A seemingly unambitious example which used JavaScript to perform addition might look like:
jadd: js-native [a [integer!] b [integer!]] {
    var a = reb.UnboxInteger("a");
    var b = reb.UnboxInteger("b");
    return reb.Integer(a + b);
}

This was the initial concept for how JavaScript natives would be able to access arguments...just by name. It means you could have just as easily written:

jadd: js-native [a [integer!] b [integer!]] {
    var sum = reb.UnboxInteger("a + b");
    return reb.Integer(sum);
}

(That would be a bit of a waste for why you didn't do anything with the JavaScript, but, point is that there's nothing special about arguments...they're visible to code execution.)

Binding didn't really offer any answers for how to do this. So we ended up with the ugly reb.Arg() and reb.ArgR() functions. It was a compromise that had to be made because binding was weak.

The problems have gotten even bigger now...as the JS-NATIVEs are being declared in modules. Those modules will presumably want to have visibility of plain FUNCs that you declare in that same module (or that you import) to call.

On both points, we should not compromise. So I've worked up a prototype that does both.

So hopefully it means the end of reb.ArgR() and reb.Arg() are coming soon!

I think that will also solidify the case for eliminating the Q() forms of the APIs (like reb.ValueQ(), reb.DidQ()).

hostilefork · October 27, 2021, 7:17am

hostilefork:

What I have in mind for both C user natives and JavaScript natives is not to try and give the generated JavaScript function any actual arguments. So back to the example:
jadd: js-native [a [integer!] b [integer!]] {
    var a = reb.Unbox("a");
    var b = reb.Unbox("b");
    return a + b;
}

This ideal concept has been tried in various forms, with a problem that if you use the native for context you run up against problems that if it calls service routines, there's no way for the system to know that such calls have occurred. This means your "a" and "b" resolution won't just be from within the JS-NATIVE body, but also any other JavaScript service function that uses the API you call.

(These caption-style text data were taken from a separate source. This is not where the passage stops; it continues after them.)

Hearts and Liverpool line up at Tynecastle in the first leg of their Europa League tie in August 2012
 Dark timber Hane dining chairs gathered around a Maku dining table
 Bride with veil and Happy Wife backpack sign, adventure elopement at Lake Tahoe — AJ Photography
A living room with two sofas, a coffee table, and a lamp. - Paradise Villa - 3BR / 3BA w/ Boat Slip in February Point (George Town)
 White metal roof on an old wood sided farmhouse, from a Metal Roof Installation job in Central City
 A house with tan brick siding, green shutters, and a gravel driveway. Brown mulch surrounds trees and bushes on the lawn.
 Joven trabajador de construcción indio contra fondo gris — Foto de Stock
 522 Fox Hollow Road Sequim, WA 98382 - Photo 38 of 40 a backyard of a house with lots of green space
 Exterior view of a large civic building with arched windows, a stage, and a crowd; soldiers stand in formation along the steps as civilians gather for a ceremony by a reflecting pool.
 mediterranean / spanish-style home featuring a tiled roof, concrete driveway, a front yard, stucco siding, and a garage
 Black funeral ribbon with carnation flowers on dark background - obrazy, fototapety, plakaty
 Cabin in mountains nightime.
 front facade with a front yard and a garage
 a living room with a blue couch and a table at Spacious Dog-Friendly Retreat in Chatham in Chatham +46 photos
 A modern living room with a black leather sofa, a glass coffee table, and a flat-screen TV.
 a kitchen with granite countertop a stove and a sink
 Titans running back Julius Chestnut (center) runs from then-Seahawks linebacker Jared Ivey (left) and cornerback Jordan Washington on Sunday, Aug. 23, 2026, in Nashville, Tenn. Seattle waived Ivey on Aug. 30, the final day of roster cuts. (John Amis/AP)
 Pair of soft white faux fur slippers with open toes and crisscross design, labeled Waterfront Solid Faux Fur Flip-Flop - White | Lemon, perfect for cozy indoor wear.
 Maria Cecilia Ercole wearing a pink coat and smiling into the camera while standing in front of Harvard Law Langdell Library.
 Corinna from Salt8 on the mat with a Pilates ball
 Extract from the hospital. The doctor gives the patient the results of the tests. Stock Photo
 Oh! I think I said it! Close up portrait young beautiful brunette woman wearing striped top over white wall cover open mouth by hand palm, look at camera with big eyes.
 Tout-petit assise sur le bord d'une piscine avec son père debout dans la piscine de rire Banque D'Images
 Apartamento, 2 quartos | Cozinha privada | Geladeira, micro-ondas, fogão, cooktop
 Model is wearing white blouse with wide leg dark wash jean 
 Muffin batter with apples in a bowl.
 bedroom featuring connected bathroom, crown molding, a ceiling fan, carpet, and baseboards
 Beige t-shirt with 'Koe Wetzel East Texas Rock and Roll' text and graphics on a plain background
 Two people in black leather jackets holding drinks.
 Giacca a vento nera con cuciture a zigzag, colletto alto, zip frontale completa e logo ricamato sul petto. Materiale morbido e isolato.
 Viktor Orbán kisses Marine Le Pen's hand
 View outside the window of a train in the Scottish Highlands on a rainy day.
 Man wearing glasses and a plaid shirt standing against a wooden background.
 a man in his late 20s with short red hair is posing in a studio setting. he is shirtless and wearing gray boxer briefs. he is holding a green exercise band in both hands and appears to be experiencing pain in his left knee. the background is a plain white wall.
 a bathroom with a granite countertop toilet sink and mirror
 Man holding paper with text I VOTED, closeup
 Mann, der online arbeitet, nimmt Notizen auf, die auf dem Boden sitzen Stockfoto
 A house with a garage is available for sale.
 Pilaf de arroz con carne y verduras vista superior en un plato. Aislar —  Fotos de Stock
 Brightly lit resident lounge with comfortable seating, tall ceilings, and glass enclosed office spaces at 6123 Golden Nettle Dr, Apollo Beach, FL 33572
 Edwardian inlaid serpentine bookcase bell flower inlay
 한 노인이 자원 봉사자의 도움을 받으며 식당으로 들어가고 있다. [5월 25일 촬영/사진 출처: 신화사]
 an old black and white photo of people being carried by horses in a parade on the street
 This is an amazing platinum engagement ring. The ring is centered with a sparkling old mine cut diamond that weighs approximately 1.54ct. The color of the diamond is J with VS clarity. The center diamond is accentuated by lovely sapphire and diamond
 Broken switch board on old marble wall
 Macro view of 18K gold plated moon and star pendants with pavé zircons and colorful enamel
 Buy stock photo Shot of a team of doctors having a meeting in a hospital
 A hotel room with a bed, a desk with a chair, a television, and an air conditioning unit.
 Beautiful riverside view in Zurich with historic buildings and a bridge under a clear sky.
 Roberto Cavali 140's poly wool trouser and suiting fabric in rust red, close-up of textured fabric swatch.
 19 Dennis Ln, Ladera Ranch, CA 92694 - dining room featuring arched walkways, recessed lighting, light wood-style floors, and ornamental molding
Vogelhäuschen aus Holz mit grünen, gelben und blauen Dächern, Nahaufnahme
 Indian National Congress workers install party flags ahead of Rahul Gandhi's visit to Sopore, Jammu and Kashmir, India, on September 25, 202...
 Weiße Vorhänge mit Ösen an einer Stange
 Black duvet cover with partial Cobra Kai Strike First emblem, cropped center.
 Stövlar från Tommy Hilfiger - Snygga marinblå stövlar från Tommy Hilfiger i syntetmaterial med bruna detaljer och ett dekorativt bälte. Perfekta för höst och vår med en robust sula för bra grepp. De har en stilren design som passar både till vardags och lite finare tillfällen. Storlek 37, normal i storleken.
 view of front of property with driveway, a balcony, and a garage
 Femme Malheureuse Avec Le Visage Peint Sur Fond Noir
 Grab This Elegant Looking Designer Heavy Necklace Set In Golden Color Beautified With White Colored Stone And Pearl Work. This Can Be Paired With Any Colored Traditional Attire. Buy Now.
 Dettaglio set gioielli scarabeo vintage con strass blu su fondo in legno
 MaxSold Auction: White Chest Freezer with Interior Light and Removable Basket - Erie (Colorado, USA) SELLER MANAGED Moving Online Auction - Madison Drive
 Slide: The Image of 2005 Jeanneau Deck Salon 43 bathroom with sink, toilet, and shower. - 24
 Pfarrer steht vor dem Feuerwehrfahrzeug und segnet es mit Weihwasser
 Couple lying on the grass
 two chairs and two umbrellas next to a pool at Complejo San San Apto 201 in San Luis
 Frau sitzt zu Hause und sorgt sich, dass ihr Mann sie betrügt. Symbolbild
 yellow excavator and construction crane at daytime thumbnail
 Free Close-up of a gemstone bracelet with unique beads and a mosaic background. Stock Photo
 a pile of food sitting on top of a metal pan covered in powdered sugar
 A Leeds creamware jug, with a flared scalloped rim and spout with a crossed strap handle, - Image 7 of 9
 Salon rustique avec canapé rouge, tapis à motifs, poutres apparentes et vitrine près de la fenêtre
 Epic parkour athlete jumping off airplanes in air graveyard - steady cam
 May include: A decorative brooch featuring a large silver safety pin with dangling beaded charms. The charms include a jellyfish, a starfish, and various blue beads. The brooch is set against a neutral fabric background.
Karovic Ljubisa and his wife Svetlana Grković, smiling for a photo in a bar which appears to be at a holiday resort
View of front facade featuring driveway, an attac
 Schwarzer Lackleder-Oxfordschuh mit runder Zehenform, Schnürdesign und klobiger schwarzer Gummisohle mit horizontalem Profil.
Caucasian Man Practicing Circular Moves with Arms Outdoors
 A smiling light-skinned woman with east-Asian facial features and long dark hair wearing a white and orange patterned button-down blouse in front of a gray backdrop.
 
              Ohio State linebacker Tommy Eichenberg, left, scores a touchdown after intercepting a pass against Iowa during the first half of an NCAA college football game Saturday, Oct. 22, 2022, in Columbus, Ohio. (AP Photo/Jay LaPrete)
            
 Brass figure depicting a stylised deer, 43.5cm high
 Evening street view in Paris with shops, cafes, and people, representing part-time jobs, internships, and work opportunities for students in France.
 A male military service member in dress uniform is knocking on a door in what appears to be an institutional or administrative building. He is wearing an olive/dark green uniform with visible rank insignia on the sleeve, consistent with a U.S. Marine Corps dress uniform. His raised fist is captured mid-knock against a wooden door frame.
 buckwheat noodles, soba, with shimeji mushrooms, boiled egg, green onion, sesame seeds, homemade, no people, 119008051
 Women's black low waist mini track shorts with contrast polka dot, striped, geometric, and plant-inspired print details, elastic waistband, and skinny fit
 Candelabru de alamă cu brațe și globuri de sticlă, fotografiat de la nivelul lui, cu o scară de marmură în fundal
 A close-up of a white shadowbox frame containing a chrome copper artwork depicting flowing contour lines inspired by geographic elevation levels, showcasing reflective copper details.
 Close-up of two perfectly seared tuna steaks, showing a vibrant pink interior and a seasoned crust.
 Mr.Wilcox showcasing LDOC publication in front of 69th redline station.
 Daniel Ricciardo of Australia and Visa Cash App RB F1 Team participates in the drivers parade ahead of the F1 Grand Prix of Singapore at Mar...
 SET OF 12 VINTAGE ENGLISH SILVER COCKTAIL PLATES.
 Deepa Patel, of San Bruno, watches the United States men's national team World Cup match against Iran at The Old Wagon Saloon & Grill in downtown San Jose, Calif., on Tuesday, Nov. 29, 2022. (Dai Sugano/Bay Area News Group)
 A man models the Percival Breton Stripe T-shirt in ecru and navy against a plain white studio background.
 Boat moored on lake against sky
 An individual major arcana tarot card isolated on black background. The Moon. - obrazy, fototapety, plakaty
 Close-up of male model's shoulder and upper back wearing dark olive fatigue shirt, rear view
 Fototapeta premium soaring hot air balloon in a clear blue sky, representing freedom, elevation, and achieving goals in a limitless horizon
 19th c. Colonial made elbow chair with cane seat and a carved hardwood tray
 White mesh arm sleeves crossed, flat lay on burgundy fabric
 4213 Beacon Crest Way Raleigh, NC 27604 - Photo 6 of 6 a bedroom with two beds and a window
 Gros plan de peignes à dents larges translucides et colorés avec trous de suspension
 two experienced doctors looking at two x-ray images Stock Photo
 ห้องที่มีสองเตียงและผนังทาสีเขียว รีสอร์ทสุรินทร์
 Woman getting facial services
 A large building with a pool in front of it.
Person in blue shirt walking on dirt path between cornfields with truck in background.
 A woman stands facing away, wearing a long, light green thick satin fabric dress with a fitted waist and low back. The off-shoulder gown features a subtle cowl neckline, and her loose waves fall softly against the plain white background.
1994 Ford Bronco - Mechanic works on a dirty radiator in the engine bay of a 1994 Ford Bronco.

So reb.Arg() and reb.ArgR() have stuck around as a somewhat ugly solution.

jadd: js-native [a [integer!] b [integer!]] {
    var a = reb.Unbox(reb.ArgR("a"));  // arg with auto-Release
    var b = reb.Unbox(reb.ArgR("b"));
    return a + b;
}

There's no particular safety in them, in the sense that you could call reb.ArgR() from inside a service routine too, and it wouldn't know the difference. But it's fairly visible when you're doing it.